Ask this yourself this question. The same wealthy people who bought an island just so they could abuse the innocent, would they hold back from fucking their immediate family members, even if incest was as bad as they claim ?

Or, in addition to indulging their sexual cravings, would they use it like the ancient Egyptians did to maintain wealth and power within their family ?

From what I’ve read, the ancient Pharaohs had a legacy that lasted over 3000 years and incest played a large part in how they maintained power. Rest assured that the elites know this and they see us as a threat to their hegemony. So, they do their sons, daughters and pair up sisters with their brothers for both the reasons to keep the wealth they accumulate in their family, and because there’s no one who can prevent them from indulging their desires.
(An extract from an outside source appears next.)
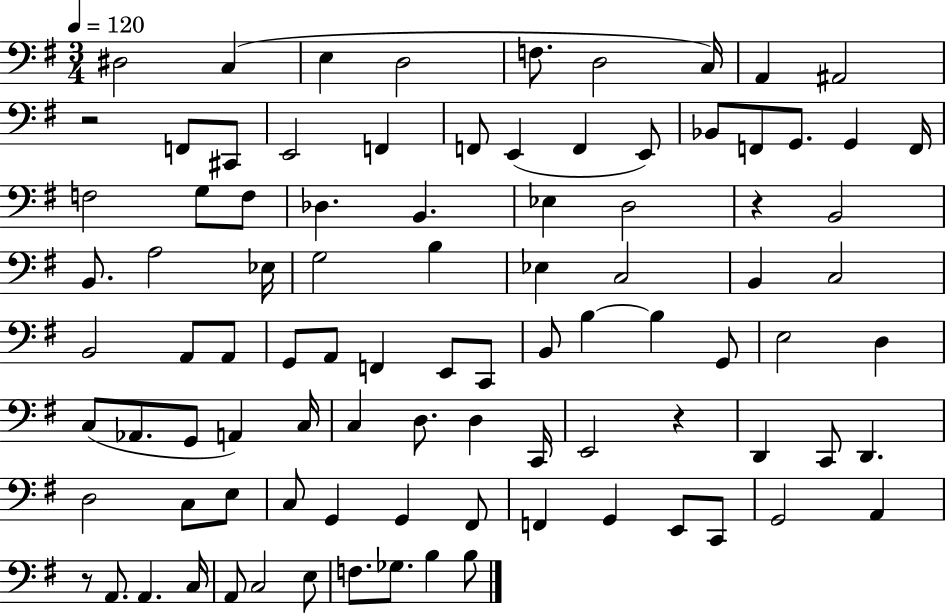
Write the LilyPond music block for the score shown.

But it’s a big go fuck yourself for the rest of us.

For the loyalty alone that incest can create scares the crap out of them. A man and his daughter decide to marry and have children is more than an emotional bond… It’s a blood bond !

He and his daughter are of the same blood. What flows their her veins flows in his ! Their offspring have an even greater connection to them. The simple truth is that a man will fight for his own family before he’ll fight for his country. His loyalty is all those who have his blood flowing through them. The last people he’ll care about are a handful of wealthy pricks who made themselves our governmental overlords.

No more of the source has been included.